EC2 server was not responding, SSH unresponsive, Jenkins (http) unresponsive.
AWS reboot of the EC2 instance never finished (5m).
AWS stop instance never finished (5m).
AWS force stop took 3m+, eventually stopped.
Instance manually restarted via AWS console.

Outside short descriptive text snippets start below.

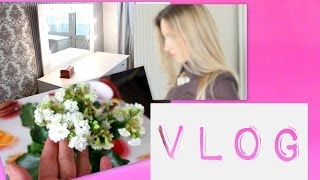 VLOG: мой БУДУАРНЫЙ столик, навожу МАРАФЕТ, готовлю в мультиварке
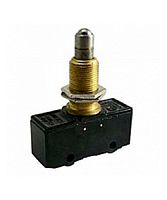 Микровыключатель МП 1305 У2 исп.05, IP54, толкатель с шариком, фронтальный, гайки (ЭТ) | код ET006837 | Электротехник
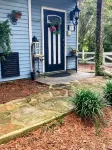 2BR/1BA-Tybee Beach & Historic Downtown-Minutes Away-Pet OK
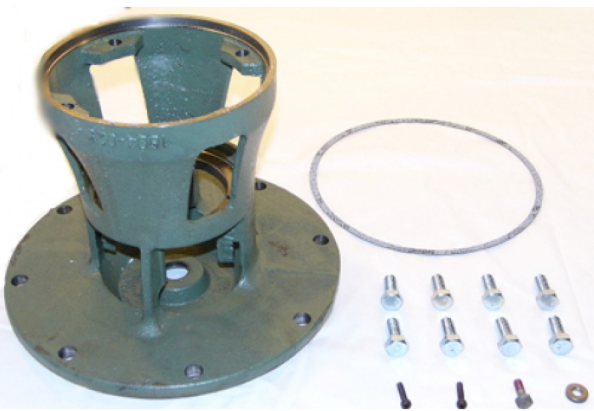 1604-025RP 1604-025RP Taco Commercial Bracket CI 56 Frame Motor from Buildi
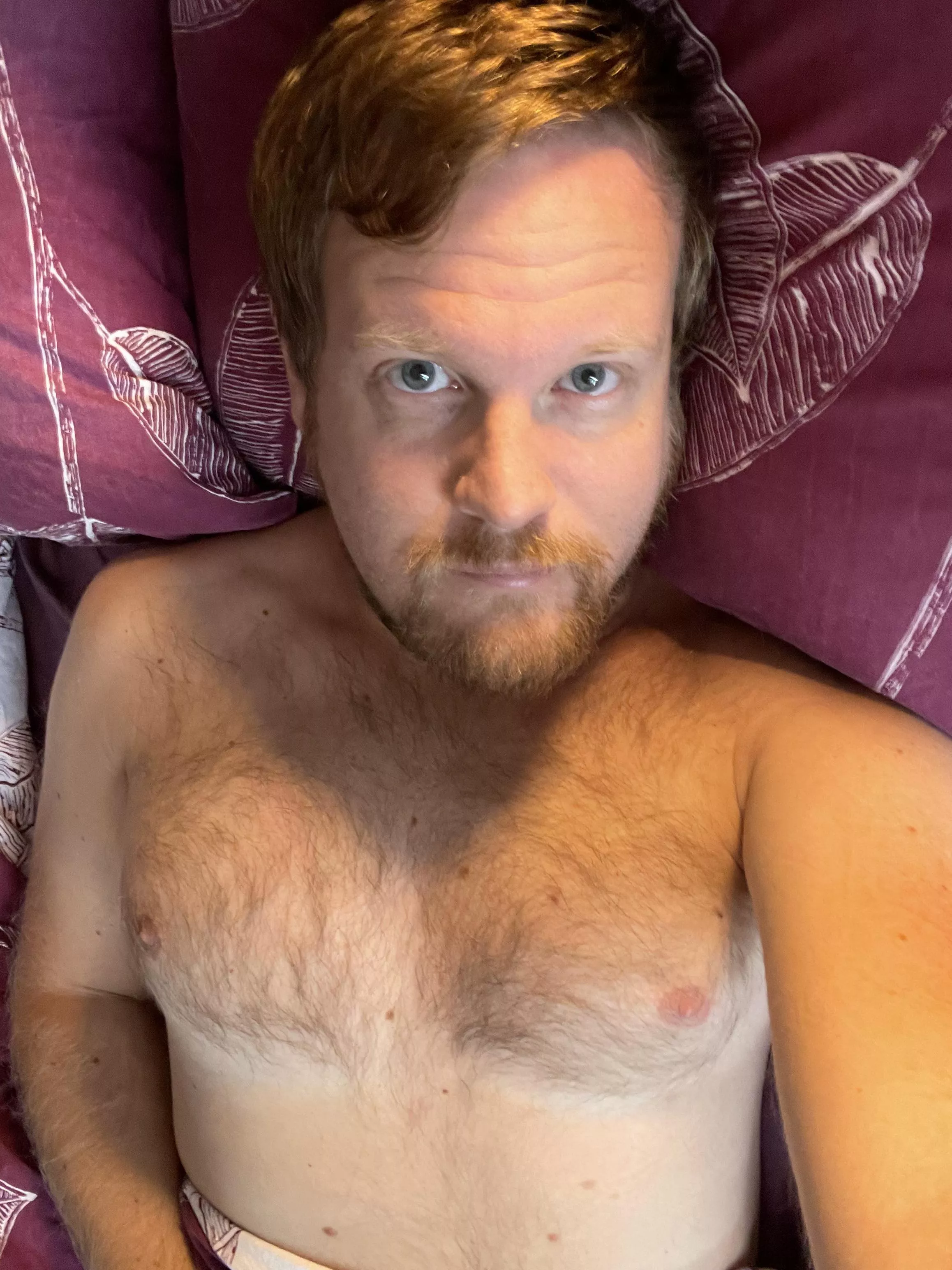 Woke up like this 😊 Which game would you like to play co-op with me today?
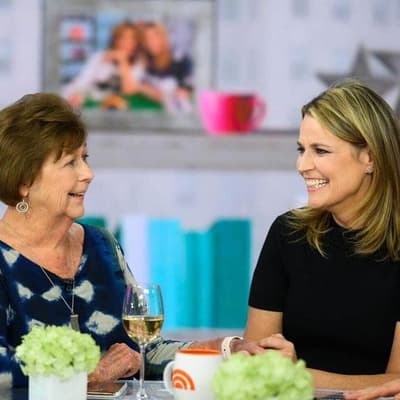 'New message' in case of US TV host's missing mother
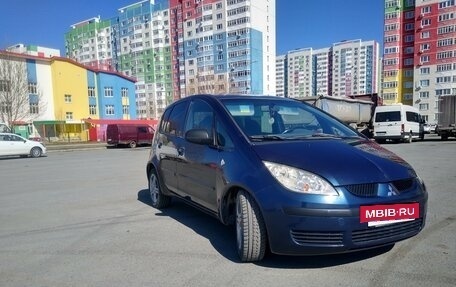 Mitsubishi Colt VI рестайлинг, 2007 год, 350 000 рублей, 3 фотография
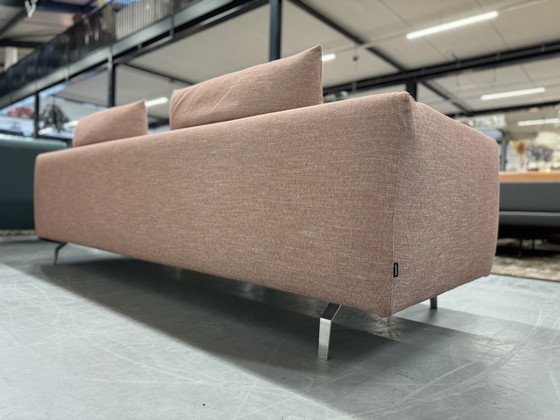 Image 1 of Zanotta Kim Sofa Rosa Tito Stoff 250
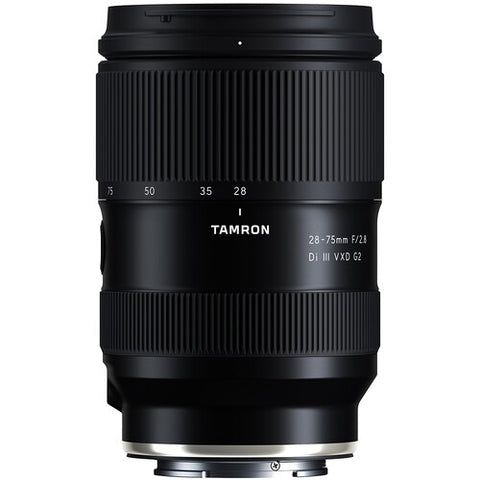 Tamron 28-75mm F2.8 Di III VXD G2 Lens for S - 160111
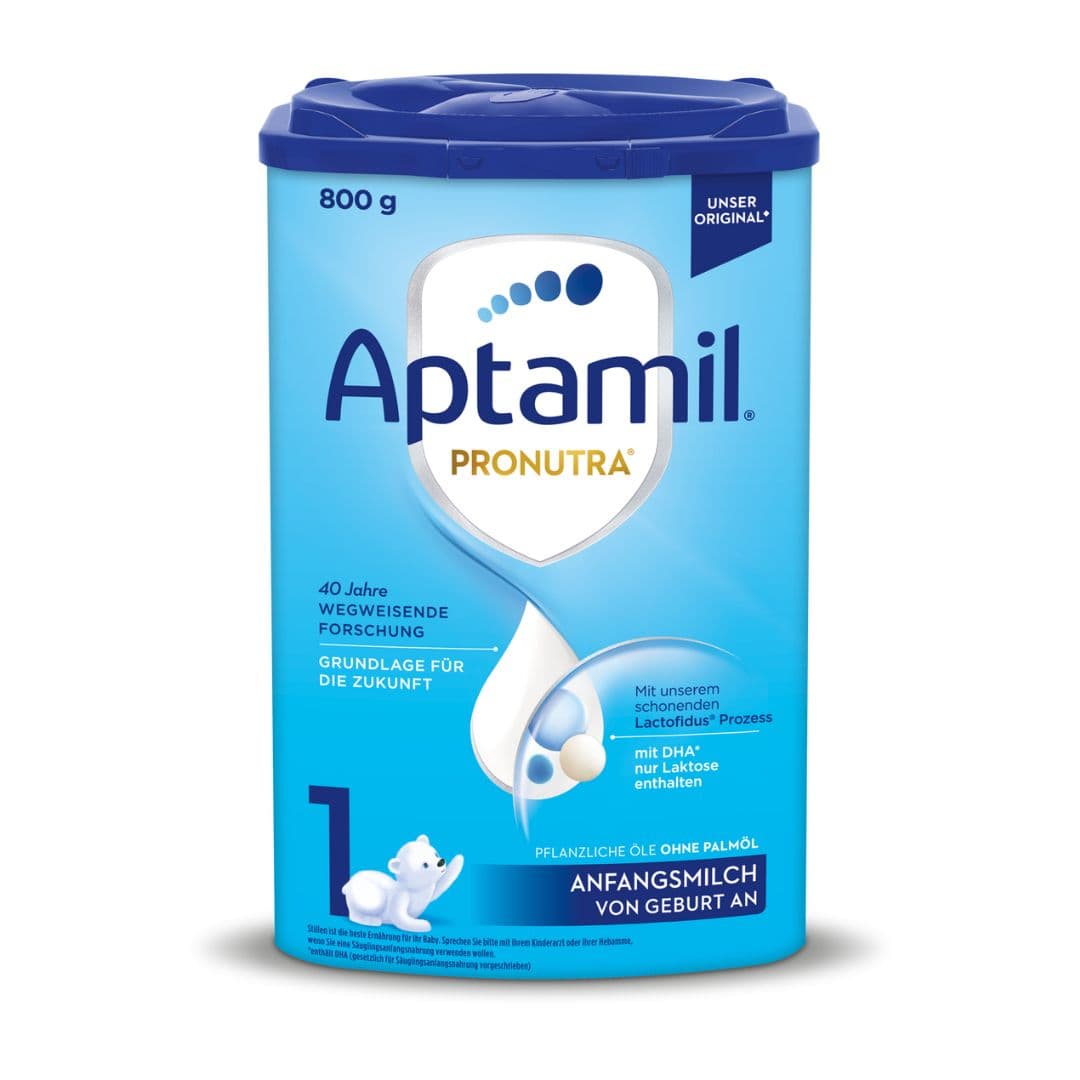 Aptamil Pronutra 1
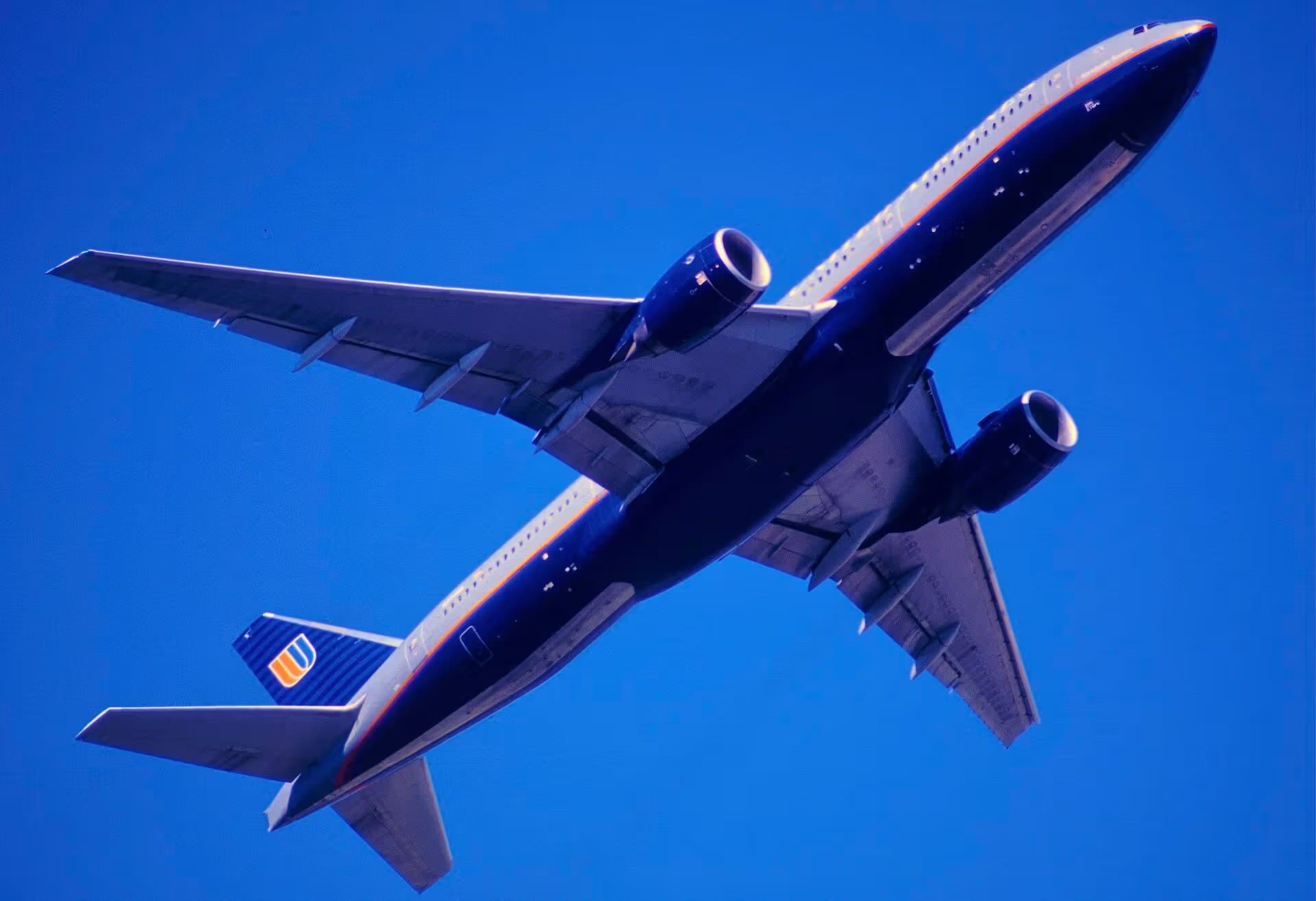 N774UA — Boeing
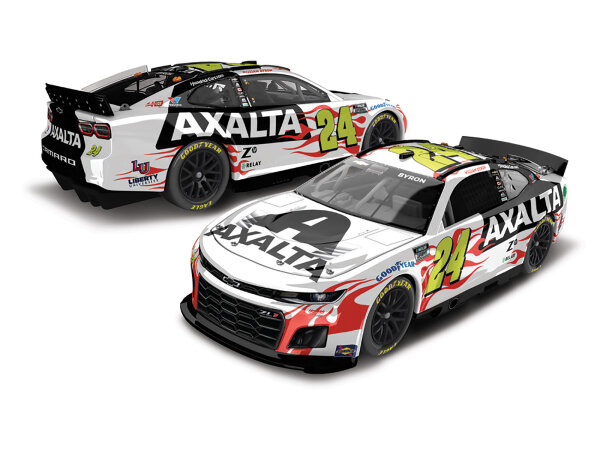 William Byron #24 NASCAR 2024 HM Chevrolet Axalta 1:24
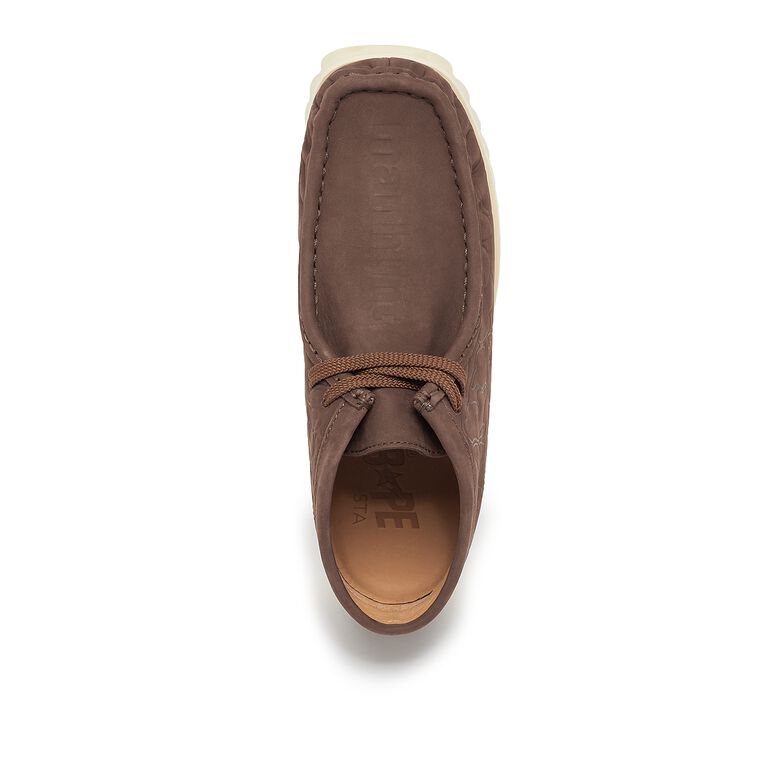 A Bathing Ape Manhunt #1 M1 brown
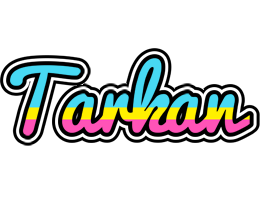 Tarkan circus logo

Forced PM2 restart (logged in via SSH, sudo su – jenkins, cd workspace/dev_backend, yarn pm2 stop all, yarn start).

Server online @10:27AM

Response Time: 15m from report to online

Forensic Analysis

Jul 11 Timeline

Note: server logs are typically in UTC not EST.
14:00 = 10AM EST

nginx/access.log = /var/log/nginx/access.log
nginx/error.log = /var/log/nginx/error.log
ob_api_server_out.log = /var/lib/jenkins/workspace/dev_backend/logs/ob_api_server_out.log

14:01:27	nginx/error.log	[error] 8934#8934: 220129 upstream prematurely closed connection while reading response header from upstream, client: 107.167.202.154 GET /v1/location?id=4704* from: 107.167.202.154
14:01:57	nginx/error.log	[error] 8934#8934: 220135 upstream prematurely closed connection while reading response header from upstream, client: 107.167.202.154 GET /v1/inventory/get/?current=256* from: 107.167.202.154
14:02:17	ob_api_server_out.log	GET /v1/me/tenant
14:02:17	ob_api_server_out.log	GET /v1/unit_measure
14:02:17	ob_api_server_out.log	GET /v1/me/tenant
14:02:17	ob_api_server_out.log	GET /v1/me/tenant
14:02:17	ob_api_server_out.log	GET /v1/me/tenant
14:02:17	ob_api_server_out.log	GET v1/location
14:02:17	ob_api_server_out.log	GET /v1/me/tenant
14:02:17	ob_api_server_out.log	GET /v1/me/tenant
14:02:17	ob_api_server_out.log	GET /v1/me/tenant
14:02:19	ob_api_server_out.log	GET /v1/inventory/get/?id=12493
	ob_api_server_out.log	>>>> Server started…
14:03:37	nginx/access.log	POST /v1/mbr_legacy/ from: 107.167.202.154
13:59:43	/var/log/syslog	systemd-udevd[450]: seq 26654 ‘/kernel/slab/:a-0000104/cgroup/buffer_head(531:systemd-resolved.service)’ is taking a long time
14:15:37	/var/log/syslog	systemd[1]: snapd.service: Watchdog timeout (limit 5min)!
		———– REBOOT ———-
14:13:13	/var/log/cloud-init.log	util.py[DEBUG]: Cloud-init v. 21.4-0ubuntu1~18.04.1 running ‘init-local’ at Mon, 11 Jul 2022 14:19:13 +0000. Up 21.52 seconds.
14:19:19	/var/log/kernlog	Linux version 5.4.0-1060-aws (buildd@lgw01-amd64-054) (gcc version 7.5.0 (Ubuntu 7.5.0-3ubuntu1~18.04)) first entry (reboot)
	ob_api_server_out.log	Server started…
14:26:50	ob_api_server_out.log	GET /v1/unit_measure?page_size=500

EC2 Basic System Analysis

EC2 instance type:
memory: 3.8G, 2 vCPU

First glance at summary report is not showing resource allocation problems.

CPU Hit 64.2% Max @ 14:10

API Server PM2 Logs

PM2 Snapshot

Error Log Summary

⚠️ NOTE: need to investigate if PM2 can be configured to email these log entries or post some kind of notification that is NOT buried in Jenkins ~/workspace/dev_backend/logs/ob_api_server_error.log

Bad Request Sent To OB FE App

This error is repeated 24 times at the end of the log.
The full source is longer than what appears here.